- _Data supplied_
******************************

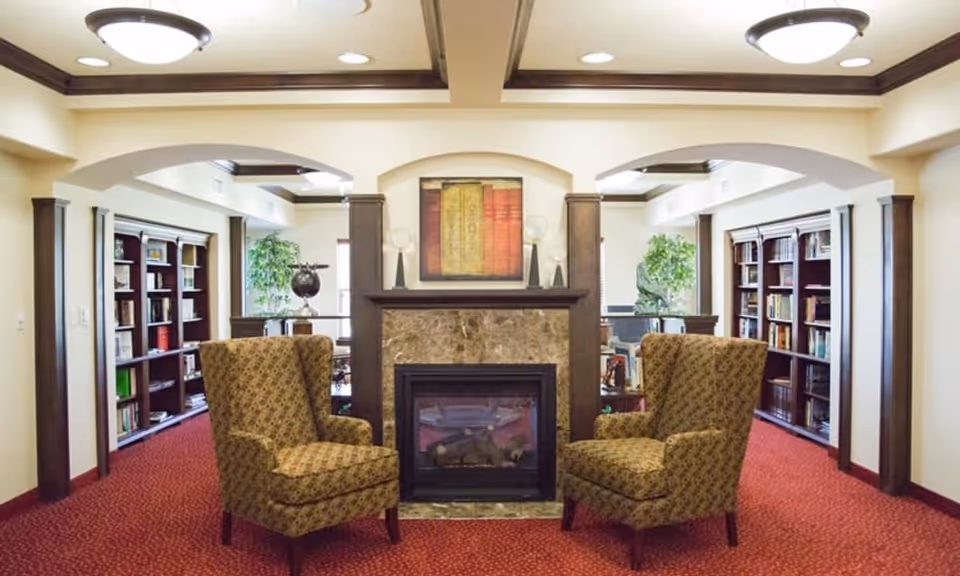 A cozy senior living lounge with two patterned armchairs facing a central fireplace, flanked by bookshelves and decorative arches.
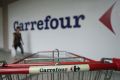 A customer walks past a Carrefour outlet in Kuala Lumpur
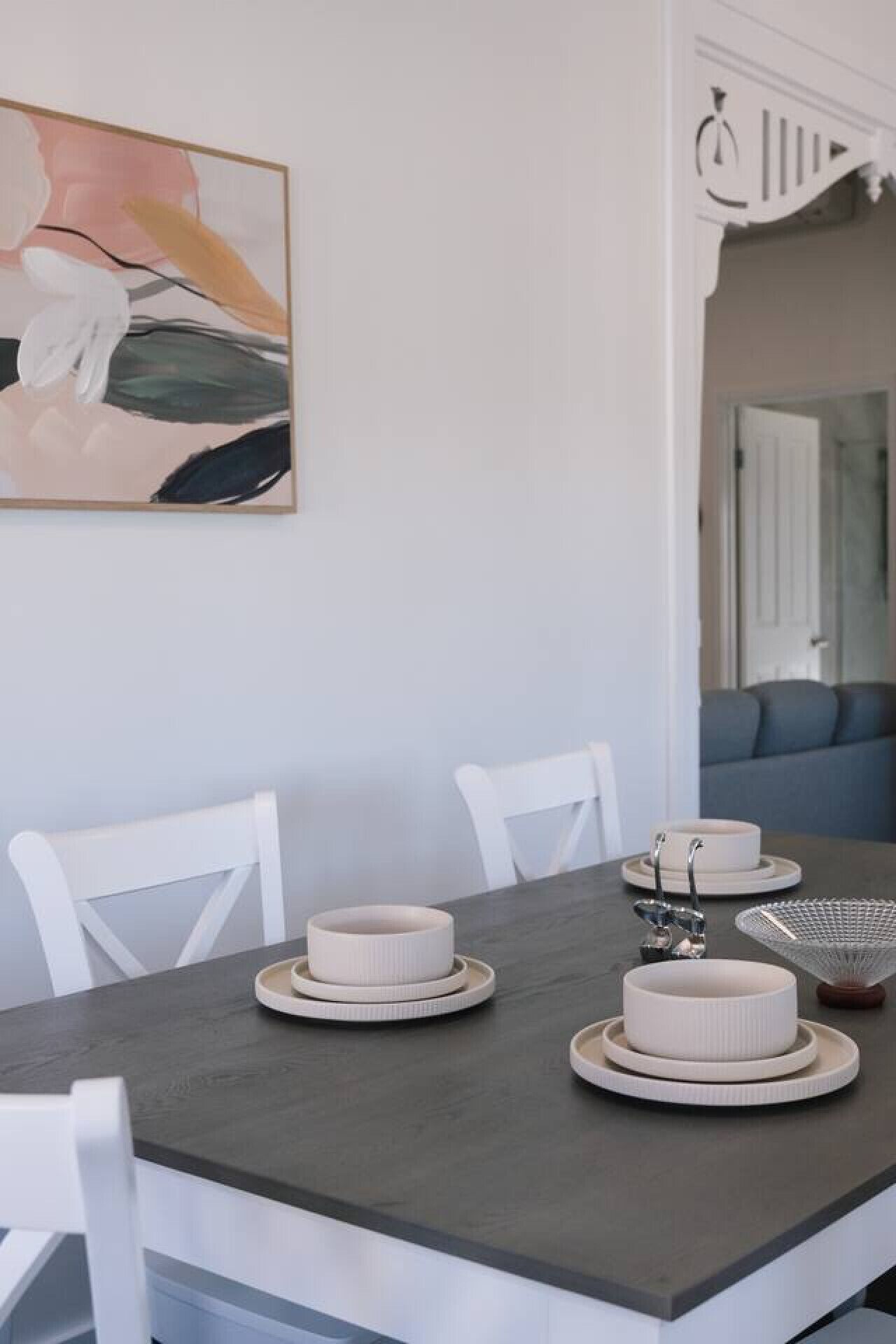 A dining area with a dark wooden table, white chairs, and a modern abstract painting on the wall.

******************************

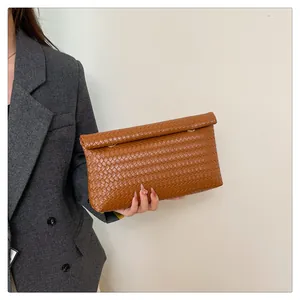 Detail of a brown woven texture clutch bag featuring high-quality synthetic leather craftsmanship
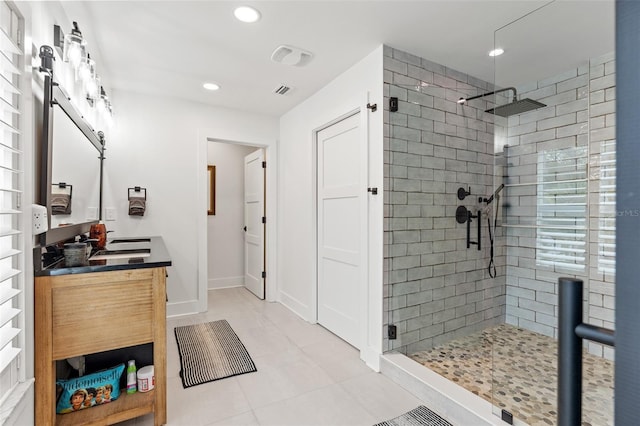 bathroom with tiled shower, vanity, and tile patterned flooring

******************************

From the records above, transcribe exactly the lines starting at the one containing "A cozy senior" and ending at the one containing "A dining area". Skip the pictures.

- _Exercise answer_
 A cozy senior living lounge with two patterned armchairs facing a central fireplace, flanked by bookshelves and decorative arches.
 A customer walks past a Carrefour outlet in Kuala Lumpur
 A dining area with a dark wooden table, white chairs, and a modern abstract painting on the wall.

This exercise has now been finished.